PROMPT.
Once the line with "蓝色獭兔毛水貂绒大衣女中长款" is found in the entries below, print it and each following line exactly, stopping after the line with "of 4 (Personalized)"; print nothing else.

[Collected data entries]

_____

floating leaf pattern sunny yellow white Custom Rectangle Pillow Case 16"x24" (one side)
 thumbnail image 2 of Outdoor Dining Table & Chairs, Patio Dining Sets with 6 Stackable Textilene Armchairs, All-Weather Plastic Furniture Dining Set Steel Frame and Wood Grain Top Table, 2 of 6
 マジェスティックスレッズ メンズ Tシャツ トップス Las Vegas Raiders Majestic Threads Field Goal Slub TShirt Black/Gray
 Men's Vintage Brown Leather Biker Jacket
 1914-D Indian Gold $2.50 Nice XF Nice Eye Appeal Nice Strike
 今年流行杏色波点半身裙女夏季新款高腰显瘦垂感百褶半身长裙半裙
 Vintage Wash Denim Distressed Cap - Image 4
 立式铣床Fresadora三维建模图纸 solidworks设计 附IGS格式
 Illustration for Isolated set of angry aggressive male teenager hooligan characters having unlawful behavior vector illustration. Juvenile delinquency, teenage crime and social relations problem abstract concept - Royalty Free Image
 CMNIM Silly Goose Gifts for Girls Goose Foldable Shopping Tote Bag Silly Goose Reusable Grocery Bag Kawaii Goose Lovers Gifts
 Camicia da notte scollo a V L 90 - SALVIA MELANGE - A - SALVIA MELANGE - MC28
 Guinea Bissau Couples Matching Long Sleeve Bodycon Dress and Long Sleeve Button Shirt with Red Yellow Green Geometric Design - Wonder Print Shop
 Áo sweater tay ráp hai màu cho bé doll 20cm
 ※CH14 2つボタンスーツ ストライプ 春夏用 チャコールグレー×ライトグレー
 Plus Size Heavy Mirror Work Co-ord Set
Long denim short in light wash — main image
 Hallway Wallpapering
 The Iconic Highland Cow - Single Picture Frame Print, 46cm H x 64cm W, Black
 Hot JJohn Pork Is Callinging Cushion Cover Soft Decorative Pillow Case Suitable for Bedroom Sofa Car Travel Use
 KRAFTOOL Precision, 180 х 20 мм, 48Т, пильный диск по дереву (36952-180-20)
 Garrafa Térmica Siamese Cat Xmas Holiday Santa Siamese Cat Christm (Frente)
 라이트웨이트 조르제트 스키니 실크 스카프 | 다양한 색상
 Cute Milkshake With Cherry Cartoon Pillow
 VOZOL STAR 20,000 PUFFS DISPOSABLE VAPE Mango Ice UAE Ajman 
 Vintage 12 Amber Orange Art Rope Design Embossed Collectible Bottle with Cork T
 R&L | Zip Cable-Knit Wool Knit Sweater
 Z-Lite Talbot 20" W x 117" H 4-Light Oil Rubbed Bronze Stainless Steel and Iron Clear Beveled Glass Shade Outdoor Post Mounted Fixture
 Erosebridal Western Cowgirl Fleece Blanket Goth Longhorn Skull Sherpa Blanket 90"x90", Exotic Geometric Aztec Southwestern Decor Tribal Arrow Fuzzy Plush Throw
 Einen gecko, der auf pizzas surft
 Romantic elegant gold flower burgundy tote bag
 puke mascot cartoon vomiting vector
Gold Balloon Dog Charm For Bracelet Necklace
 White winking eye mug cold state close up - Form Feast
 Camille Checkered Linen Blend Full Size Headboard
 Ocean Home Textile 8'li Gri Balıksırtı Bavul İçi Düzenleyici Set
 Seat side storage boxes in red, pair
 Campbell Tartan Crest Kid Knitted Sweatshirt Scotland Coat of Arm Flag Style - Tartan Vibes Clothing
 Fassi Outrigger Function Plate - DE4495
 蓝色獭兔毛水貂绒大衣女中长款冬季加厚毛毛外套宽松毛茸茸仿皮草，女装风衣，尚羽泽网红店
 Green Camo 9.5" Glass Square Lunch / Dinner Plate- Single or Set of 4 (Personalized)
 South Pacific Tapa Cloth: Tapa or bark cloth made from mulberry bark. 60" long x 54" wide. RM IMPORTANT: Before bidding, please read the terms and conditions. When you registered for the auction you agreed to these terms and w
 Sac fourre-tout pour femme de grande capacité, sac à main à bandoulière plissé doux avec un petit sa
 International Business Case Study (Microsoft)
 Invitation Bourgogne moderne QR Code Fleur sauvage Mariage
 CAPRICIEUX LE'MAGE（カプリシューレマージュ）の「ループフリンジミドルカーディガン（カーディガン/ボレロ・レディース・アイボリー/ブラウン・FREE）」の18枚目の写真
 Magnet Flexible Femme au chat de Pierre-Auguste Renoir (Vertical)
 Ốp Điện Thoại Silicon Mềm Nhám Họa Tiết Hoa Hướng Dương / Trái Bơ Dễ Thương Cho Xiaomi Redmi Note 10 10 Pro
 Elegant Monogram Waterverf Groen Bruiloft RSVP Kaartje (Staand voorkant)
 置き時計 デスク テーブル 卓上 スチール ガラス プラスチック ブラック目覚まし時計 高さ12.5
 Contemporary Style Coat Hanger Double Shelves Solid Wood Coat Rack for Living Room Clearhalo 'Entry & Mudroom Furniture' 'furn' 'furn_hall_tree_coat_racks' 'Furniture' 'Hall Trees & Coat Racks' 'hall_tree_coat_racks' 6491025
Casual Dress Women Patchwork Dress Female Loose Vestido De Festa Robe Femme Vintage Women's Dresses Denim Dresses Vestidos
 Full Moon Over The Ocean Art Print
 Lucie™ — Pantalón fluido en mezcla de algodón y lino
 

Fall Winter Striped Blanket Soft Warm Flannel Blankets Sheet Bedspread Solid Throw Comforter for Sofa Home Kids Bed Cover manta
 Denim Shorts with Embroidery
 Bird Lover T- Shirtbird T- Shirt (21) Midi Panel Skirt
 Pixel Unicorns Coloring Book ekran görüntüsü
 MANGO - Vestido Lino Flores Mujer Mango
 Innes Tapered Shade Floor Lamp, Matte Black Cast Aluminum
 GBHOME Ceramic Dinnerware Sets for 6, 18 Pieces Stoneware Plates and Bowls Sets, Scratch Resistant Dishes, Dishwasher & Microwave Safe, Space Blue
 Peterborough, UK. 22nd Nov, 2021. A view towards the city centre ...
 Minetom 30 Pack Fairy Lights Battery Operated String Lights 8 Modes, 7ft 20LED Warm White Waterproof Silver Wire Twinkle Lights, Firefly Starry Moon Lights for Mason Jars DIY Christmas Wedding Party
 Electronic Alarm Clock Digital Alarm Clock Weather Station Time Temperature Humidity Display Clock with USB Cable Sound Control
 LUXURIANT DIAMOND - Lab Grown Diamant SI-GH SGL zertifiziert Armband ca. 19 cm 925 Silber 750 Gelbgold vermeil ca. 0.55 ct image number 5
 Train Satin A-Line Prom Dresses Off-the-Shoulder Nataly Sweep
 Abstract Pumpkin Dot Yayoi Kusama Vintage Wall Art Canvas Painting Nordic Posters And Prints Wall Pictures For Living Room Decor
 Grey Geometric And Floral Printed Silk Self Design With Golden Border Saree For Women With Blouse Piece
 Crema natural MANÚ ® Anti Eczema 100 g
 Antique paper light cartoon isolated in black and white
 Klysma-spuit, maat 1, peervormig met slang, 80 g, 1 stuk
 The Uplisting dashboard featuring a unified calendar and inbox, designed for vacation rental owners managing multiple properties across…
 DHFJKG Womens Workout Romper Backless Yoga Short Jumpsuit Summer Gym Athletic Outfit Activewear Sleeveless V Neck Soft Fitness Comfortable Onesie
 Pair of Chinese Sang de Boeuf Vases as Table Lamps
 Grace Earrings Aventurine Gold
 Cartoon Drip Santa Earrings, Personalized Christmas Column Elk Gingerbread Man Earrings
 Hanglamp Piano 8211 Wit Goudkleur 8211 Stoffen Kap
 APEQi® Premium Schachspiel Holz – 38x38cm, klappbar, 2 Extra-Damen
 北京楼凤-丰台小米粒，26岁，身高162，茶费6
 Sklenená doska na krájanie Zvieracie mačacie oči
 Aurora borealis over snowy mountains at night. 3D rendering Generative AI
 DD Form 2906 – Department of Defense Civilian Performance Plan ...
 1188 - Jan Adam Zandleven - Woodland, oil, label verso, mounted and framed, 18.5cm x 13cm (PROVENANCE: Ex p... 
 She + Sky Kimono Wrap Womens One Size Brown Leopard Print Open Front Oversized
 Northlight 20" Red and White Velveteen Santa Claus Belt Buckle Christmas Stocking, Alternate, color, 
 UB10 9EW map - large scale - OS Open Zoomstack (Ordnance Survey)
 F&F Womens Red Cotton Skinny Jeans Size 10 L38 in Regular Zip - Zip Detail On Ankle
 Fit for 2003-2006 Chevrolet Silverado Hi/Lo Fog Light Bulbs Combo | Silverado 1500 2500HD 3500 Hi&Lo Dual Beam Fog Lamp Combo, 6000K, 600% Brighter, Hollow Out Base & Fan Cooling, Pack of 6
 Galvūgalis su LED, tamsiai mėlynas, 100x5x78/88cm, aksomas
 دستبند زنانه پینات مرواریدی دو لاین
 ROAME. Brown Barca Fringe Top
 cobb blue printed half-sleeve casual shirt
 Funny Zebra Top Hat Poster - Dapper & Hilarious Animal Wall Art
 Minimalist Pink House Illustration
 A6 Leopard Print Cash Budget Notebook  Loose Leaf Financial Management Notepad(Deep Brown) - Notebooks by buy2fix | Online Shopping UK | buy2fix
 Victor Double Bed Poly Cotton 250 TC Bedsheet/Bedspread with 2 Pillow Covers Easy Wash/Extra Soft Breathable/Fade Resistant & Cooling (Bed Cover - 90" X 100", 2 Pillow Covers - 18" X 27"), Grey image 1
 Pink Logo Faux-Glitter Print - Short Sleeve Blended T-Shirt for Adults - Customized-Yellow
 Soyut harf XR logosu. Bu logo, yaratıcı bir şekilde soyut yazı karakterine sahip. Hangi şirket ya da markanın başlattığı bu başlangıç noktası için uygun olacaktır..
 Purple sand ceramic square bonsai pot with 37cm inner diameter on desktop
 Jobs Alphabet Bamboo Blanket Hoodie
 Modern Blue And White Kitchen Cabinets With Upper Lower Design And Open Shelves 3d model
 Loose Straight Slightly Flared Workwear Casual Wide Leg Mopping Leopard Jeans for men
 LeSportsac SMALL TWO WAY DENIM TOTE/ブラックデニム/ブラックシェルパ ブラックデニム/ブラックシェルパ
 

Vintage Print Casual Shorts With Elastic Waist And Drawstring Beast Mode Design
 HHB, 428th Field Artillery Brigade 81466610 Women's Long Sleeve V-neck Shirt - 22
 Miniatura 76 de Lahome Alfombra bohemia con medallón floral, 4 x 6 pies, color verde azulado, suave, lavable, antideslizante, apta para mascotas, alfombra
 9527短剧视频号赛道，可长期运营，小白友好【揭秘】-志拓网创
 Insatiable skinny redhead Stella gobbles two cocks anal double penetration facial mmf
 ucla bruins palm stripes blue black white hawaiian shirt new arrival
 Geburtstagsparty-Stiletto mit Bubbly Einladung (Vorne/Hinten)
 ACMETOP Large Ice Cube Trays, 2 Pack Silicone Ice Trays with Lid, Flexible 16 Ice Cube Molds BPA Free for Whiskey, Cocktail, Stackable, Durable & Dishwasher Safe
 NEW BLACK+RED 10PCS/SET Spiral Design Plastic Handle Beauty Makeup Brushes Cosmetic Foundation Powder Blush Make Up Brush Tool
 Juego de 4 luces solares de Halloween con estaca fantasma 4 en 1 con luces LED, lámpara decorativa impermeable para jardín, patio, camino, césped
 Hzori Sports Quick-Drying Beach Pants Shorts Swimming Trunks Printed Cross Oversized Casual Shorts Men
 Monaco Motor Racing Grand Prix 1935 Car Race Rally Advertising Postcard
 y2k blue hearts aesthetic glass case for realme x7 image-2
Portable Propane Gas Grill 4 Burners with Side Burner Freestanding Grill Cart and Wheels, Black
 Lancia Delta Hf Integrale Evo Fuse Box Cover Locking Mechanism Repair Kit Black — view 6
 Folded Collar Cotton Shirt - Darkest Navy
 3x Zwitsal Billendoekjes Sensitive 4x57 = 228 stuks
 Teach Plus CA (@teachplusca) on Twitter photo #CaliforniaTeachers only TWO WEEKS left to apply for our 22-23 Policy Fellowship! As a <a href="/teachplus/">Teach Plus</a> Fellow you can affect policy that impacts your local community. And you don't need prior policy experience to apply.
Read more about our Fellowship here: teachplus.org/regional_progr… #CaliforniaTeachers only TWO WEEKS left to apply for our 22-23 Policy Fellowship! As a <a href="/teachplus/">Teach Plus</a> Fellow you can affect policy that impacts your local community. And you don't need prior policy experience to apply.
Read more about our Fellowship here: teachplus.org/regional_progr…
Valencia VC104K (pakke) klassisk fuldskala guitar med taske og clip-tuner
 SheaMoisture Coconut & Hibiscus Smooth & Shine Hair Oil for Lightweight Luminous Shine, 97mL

_____

ANSWER SPACE.
 蓝色獭兔毛水貂绒大衣女中长款冬季加厚毛毛外套宽松毛茸茸仿皮草，女装风衣，尚羽泽网红店
 Green Camo 9.5" Glass Square Lunch / Dinner Plate- Single or Set of 4 (Personalized)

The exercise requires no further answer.